RobynsVeil opened this issue on Dec 03, 2010 · 409 posts
aRtBee posted Sat, 11 December 2010 at 5:43 PM
So, hold your breath again, I'm on Wind Force this time.
Actually, the experimental setup is simple. Piece of cloth, setup straight at a few meters above the ground. Clothified, and the upper row of vertices put in the choreographed group. We don't need a pole or so, the sim routine will leave choreographed verts untouched (so you can drive them by keyframes or what). And since we're not going to touch them either, they will stay put, and so make a hanging flag.
Give the cloth maximum stiffness (fold etc), zero friction, and default density and air resistance.
Then we put a Wind Force generator aside, and make it blow straight into the cloth. Take some distance (twice the cloth size will do), leave the angle at 45, and give it a serious range (4 to 5 times the cloth size will do). A Wind generator is quite a rude thing actually. It will proceduce the full force in an area determined by angle and range, and nothing outside it. No fall offs like spotlichts. Leave the Amplitude at 1, our queste will be what it means.
Run the sim, and find the flag hanging at an angle of 45.
Now we know what's meant by Amplitude = 1. That's the wind that - when blowing horizontally - will push a default piece of cloth up with the same force that is exercised by gravity to pull it down.
To look at it more closely, let's do the math first.
Take angle z as the ZRot value, the angel between the flag and the horizon. Z = 0 means a horizontal flag, extreme winds, and z=90 means hanging down, no winds.
The (vertical) gravity force on the skewed flag can be decomposed in a part along with the flag, stretching it and being countered by the pole (if we had one), and a part perpendicular to the cloth, making it rotate downwards. This latter force is
F = dSg*cos(z), d for mass densty, S for cloth surface, g for gravity acceleration constant.
The (horizontal) wind force has a similar effect, but we have to adjust for the fact that a skewed flag will present a smaller surface to the wind. Again, the force can be decomposed into one along the flag stretching it as well (you know cloth is pulling when the wind blows in), and a force perpendicular, rotating it upwards:
F = aSw*sin(z)^2 with airdamping a, windspeed w (in m/s), surface S and the sine squared thanks to the mentioned adjustment.

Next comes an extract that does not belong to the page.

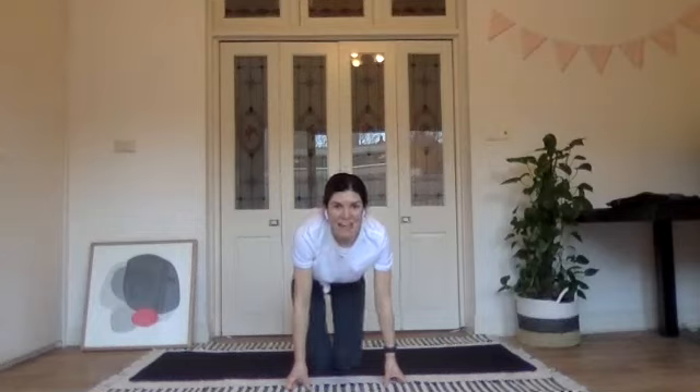Good morning and welcome to another Pilates class. Today is a little bit more challenging — we're going to work a lot on our glutes, lower body, and some more advanced abdominal exercises. I'll always give you an option to regress if you want it or need it, but see how you go and see if you can keep up.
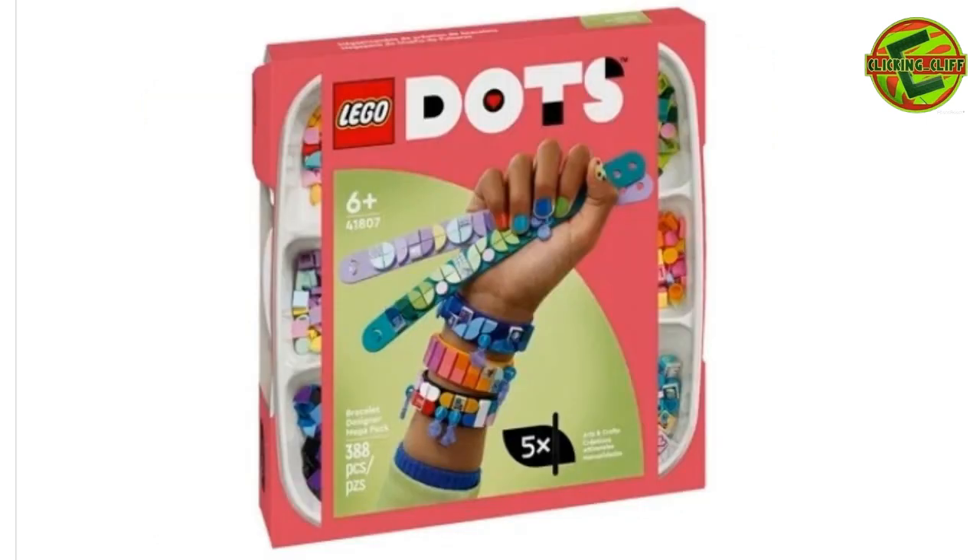Then you've got another set here — 388 pieces. You can make a bracelet using DOTS and your creativity, and wear it throughout the day. I know there are some YouTubers who have them on when they build LEGO — they've got cool designs on them. I know for sure these won't fit my wrist, but I think it's cool, you know. It teaches — even for younger children — they can wear it, change it up, and be creative with it too.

The flag hangs at equilibrium when both rotational forces cancel out, and since sin^2 equals 1-cos^2, we can make it to
0 = awcos(z)^2 + dgcos(z) - a*w
From this we learn that when a or w equals zero (no atmosphere, or no wind) then the equation reduces to cos(z) = 0, z = 90, flag hangs down.
And we learn that when a and/or w grows really big (under water, hurricane) then the equation reduces to cos(z) = 1, z = 0, flag fully stretched horizontally.
From this we can determine the meaning of Amplitude 1: we just solve the equation for z=45 and find a windspeed of 3,46 m/s. Default density at 0.005, default airdamping at 0.02.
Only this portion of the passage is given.